It’s astonishing that James Goldman’s The Lion In Winter continues to be revived. It may have seemed trendy and innovative half a century ago, but this fanciful attempt to use the turbulent 12th Century household of England’s Henry ll as some kind of metaphor for a 20th Century dysfunctional American family now seems trite and unfulfilling.

Director Jim Holmes has delivered many outstanding productions for Kanata Theatre over the years, but his affection for this play seems misplaced. His production does move smoothly, supplying some balance between character and situation and seeking a solid dramatic heft for the material’s climactic moments. But there’s only so much that even a good director can do with a script that suffers from an apparent mood disorder and revels in its own anachronisms — be they the resolutely modern colloquialisms or the presence of a Christmas tree in Henry’s French castle.
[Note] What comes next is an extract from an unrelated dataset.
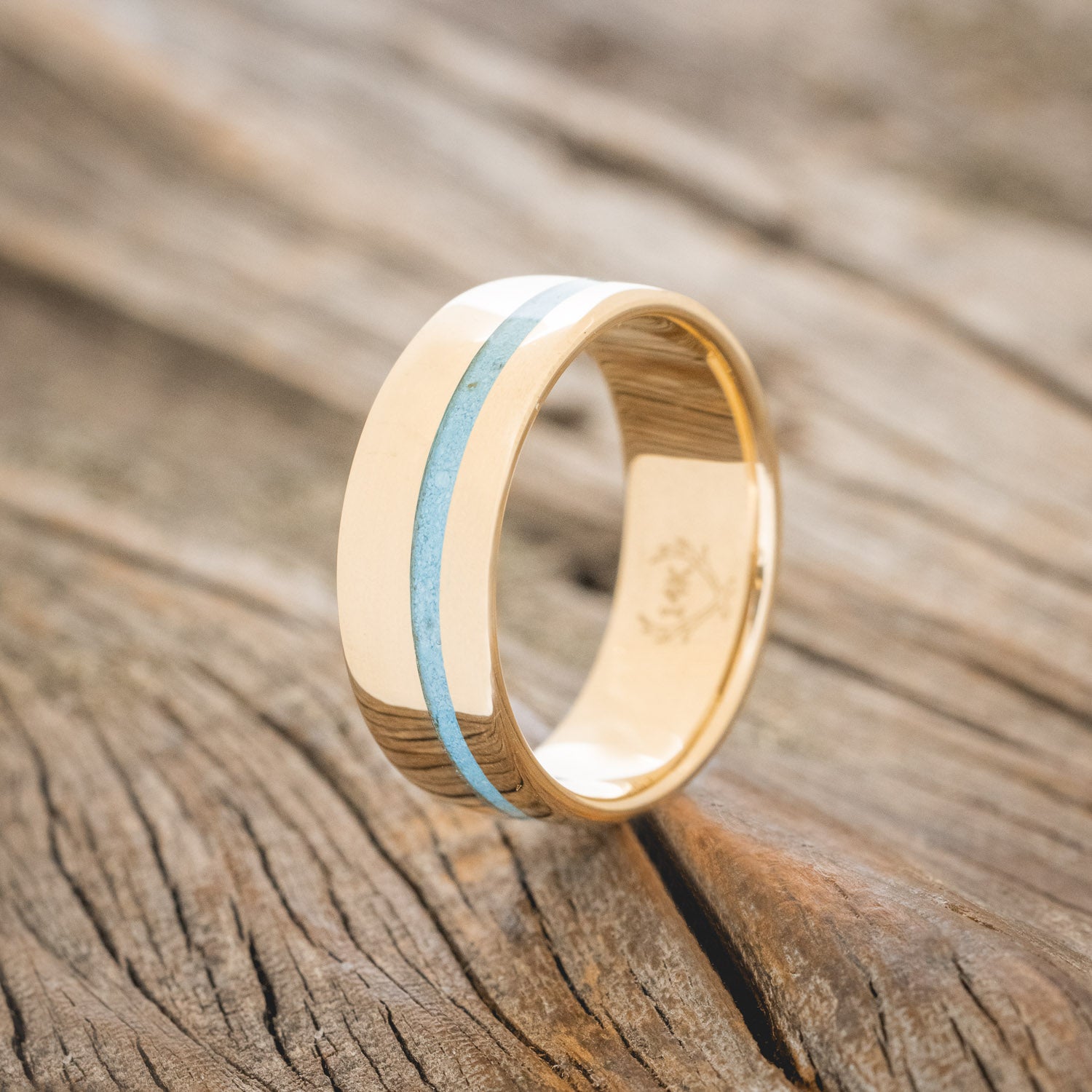 "VERTIGO" - TURQUOISE INLAY WEDDING BAND-22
Goldman, younger brother of novelist and screenwriter William Goldman, no doubt took delight in all the snappy one-liners which he concocted — for example, the king’s estranged wife, Eleanor of Aquitaine mischievously observing that she and Henry shattered all the commandments during their first erotic encounter — but much of it seems pretty sophomoric now. The Monty Python crowd and the creators of BlackAdder also sought to glean laughs from bringing a 20th Century sensibility to historical events — but their subversive humour cut deeper and their social and political parallels were more successfully realized.